Common wisdom holds it that data are recorded facts and figures; as an example see Kroenke et Auer, Database Processing, slide 8. This is not astonishing if one considers the meaning of the term “raw data”. Most often it refers to unprocessed instrument data at full resolution; the output of a machine which has differentiated between signal and noise – as if the machine has not been conceived by human beings and designed according to needs defined by them. But the entanglement of data and facts refers to a mechanical understanding of objectivity, where instruments record signals which can easily be identified by humans as something that has been counted, measured, sensed. “Raw data” is seen as the output of that operation, as facts gained by experiment, experience or collection. Data products derived from these machine outputs seem to inherit their ‘factual’ status, even if processed to a high degree in order to enable modelling and analysis. Turning against this distinction between “raw” and “cooked” data and underlining data as a result of human intervention, Geoffrey Bowker has termed the phrase “’Raw data’ is an oxymoron”, which provided the title of a book edited by Lisa Gitelman (find the introduction here). But common sense is not this precise with differentiations; it keeps the aura of data as something always being pre-processed.
Data and facts are not the same. In a contribution to the anthology edited by Gitelman, Daniel Rosenberg explains the etymology of both terms as well as their differences. Facts are ontological, they depend on the logical operation true/false. When they are proven false, they cease to be termed “facts”. Data can have something in common with facts, namely their “out there-ness”, a reference apparently beyond the arbitrary relation between signifier and signified. “False data is data nonetheless”, Rosenberg puts it, and he points out that “the term ‘data’ servers a different rhetorical and conceptual function than do sister terms as ‘facts’ and ‘evidence’.” But what exactly is the rhetorical function of the term “data”? Rosenberg’s answer is that “data” designates something which is given prior to argument. Again, this brings the term “data” close to the term “fact”: In argumentation, both terms assume the task of a proof, of something that substantiates. In which settings is this rhetoric particularly relevant?

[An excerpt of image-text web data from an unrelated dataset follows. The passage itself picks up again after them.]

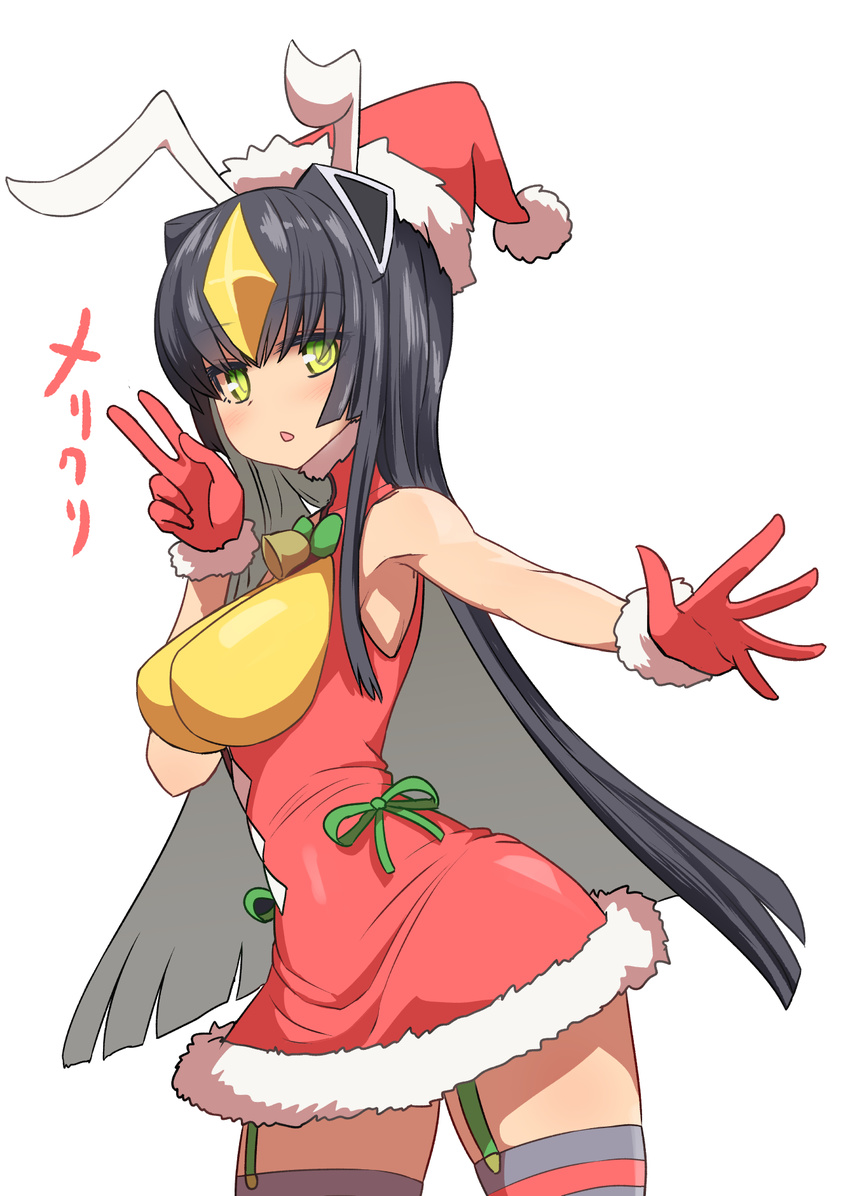 antennae bare_shoulders black_hair breasts commentary_request framed_breasts garter_straps gloves hat highres large_breasts long_hair looking_at_viewer personification red_gloves santa_hat side-tie_dress simple_background sleeveless solo striped striped_legwear sumiyao_(amam) thighhighs translation_request ultra_kaijuu_gijinka_keikaku ultra_series ultraman_(1st_series) v white_background yellow_eyes zetton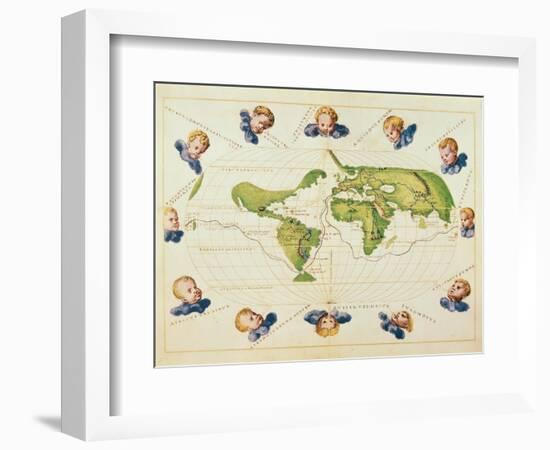 Map of Magellan's Voyage around the World, C.1540-Battista Agnese-Framed Giclee Print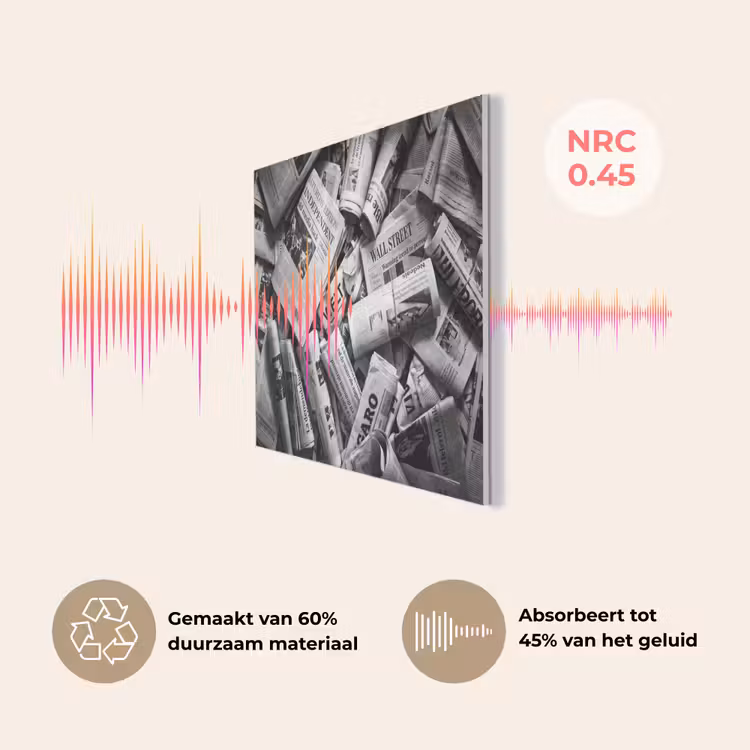 Krant - Stapel - Nieuws - Zwart-wit PET vilt klein -USP_NL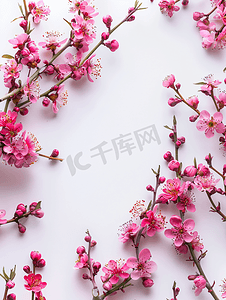 美丽的风景图案摄影照片_白色背景下美丽的春花框架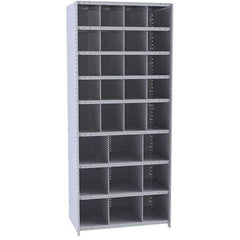 Hallowell - 29 Bin Closed Industrial Bin Shelving - 36 Inch Overall Width x 12 Inch Overall Depth x 87 Inch Overall Height, Gray Metal Bins - Exact Tool & Supply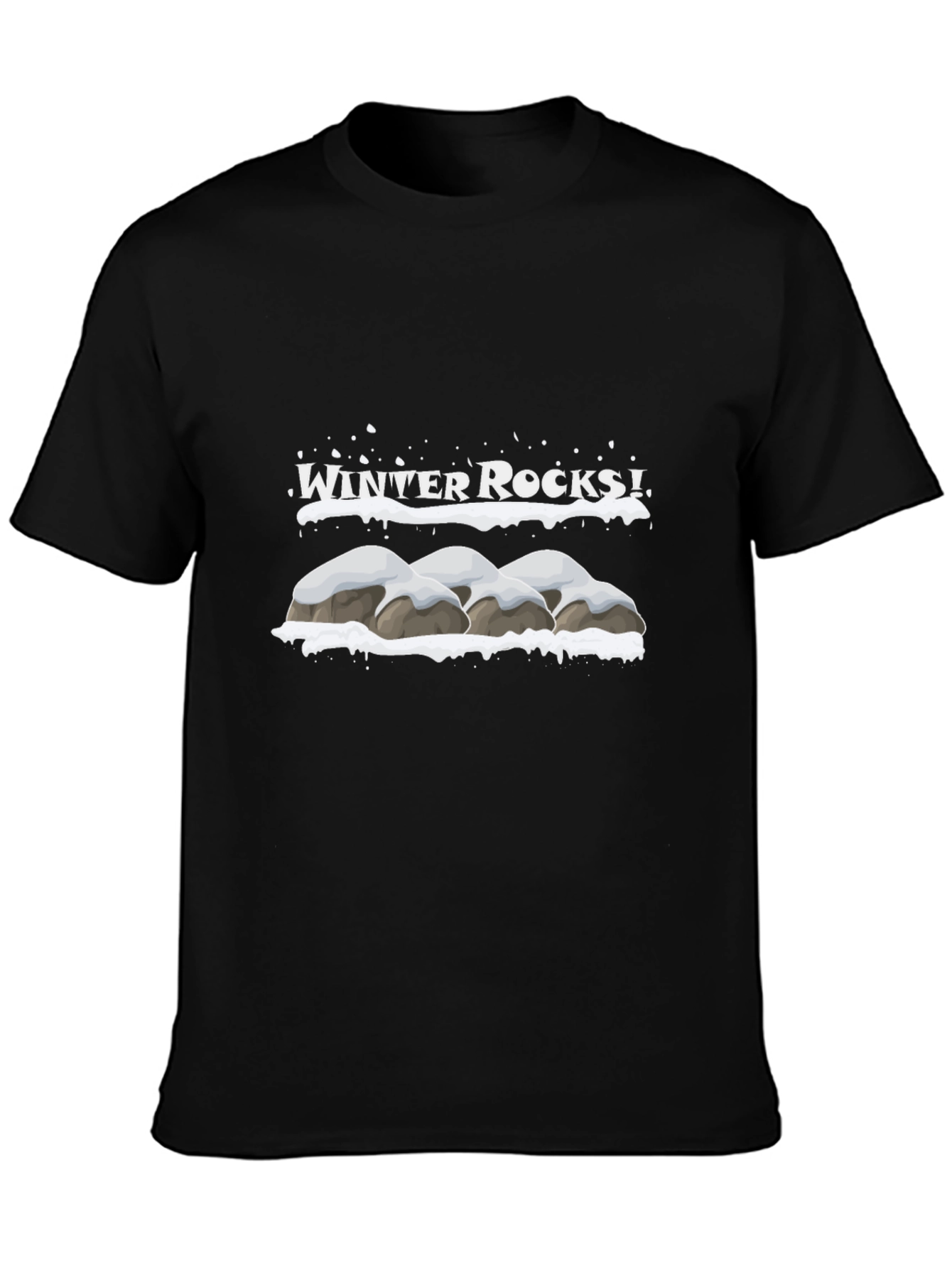 Winter Rocks Graphic T-Shirt - Black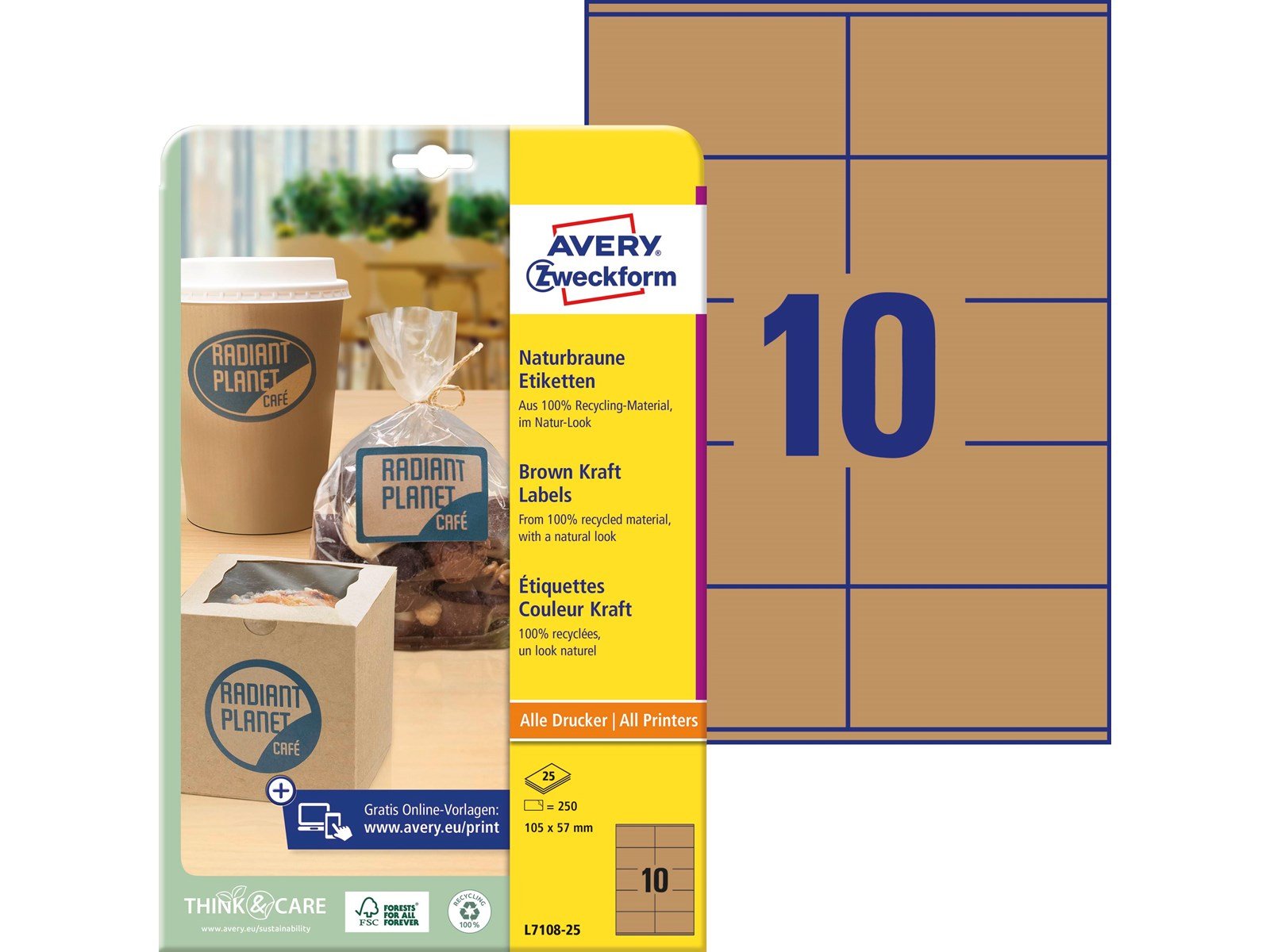 Avery Brown kraft rectangular Product Labels (recycle)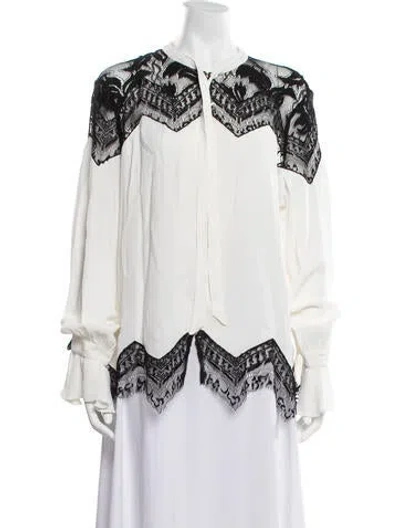 Pre-owned Just Cavalli Silk Lace Pattern Blouse In White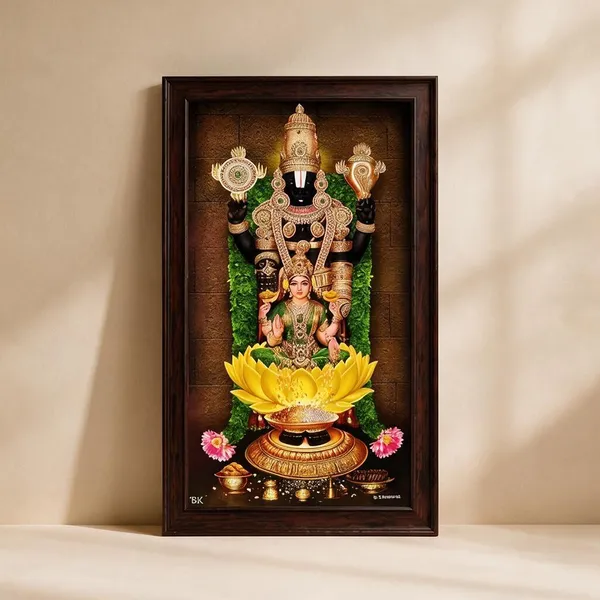 Tulsimala_Tirupati_Balaji_With_Padala_Lakshmi_Wooden_Framed_Photo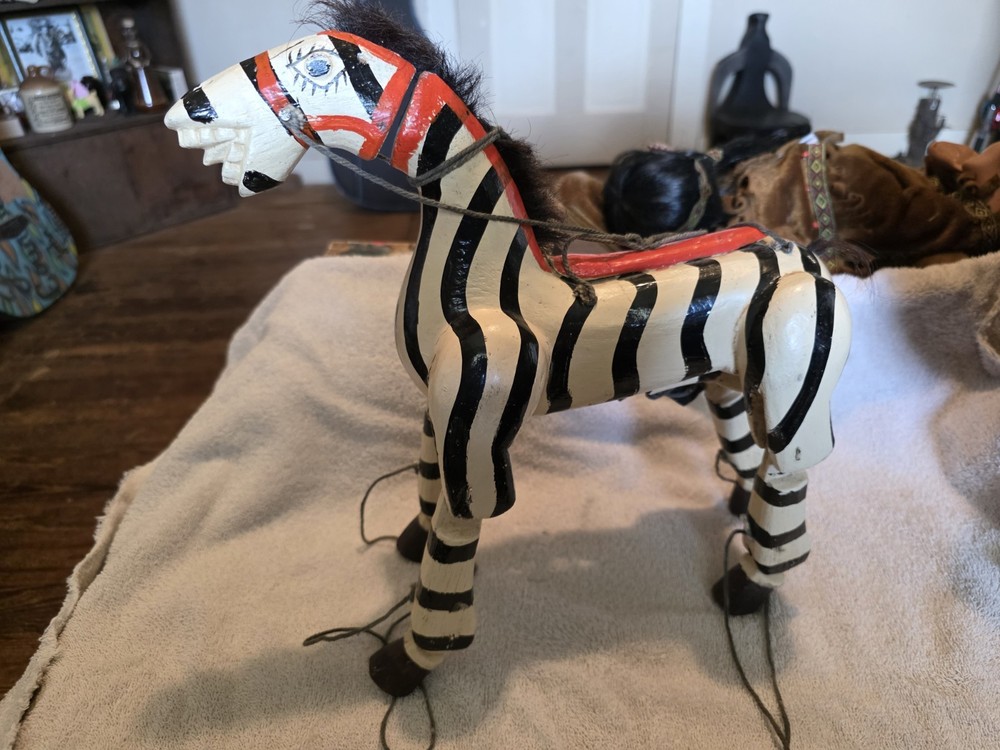 Marionette String Puppet Folk Art Zebra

As Steve Woolgar and Bruno Latour have pointed out a generation ago, facts are social constructions, purified from the remainders of the process in which they were created: “the process of construction involves the use of certain devices whereby all traces of production are made extremely difficult to detect”, they wrote in “Laboratory Life”. There is a process at work which can be compared to ‘datafication’: In a laboratory, the term “fact” can simultaneously assume two meanings. At the frontier of science, the scientists themselves know about the constructed nature of statements and are aware of their relation to subjectivity and artificiality; and at the same time these statements are referred to as a thing “out there”, i.e. to objectivity and facts. And it is in the very interest of science, aiming at “truth effects”, to make the artificiality of factual statements forgotten, and, as a consequence, to have facts taken for granted. The analogy of the nature of these statements to “raw” and “cooked” data is obvious; “facts” and “data”. With respect to the latter, the process of division and classification of phenomena into numbers obscures ambiguity, conflict, and contradiction; the left-over of this process, “data”, are completely cleansed of irritating factors; and no trace remains of the purifying process itself. Therefore “data” deny their fabricated-ness; and in struggles for legitimacy of insight or the application for resources, they serve their purpose in the very same way as “facts” do.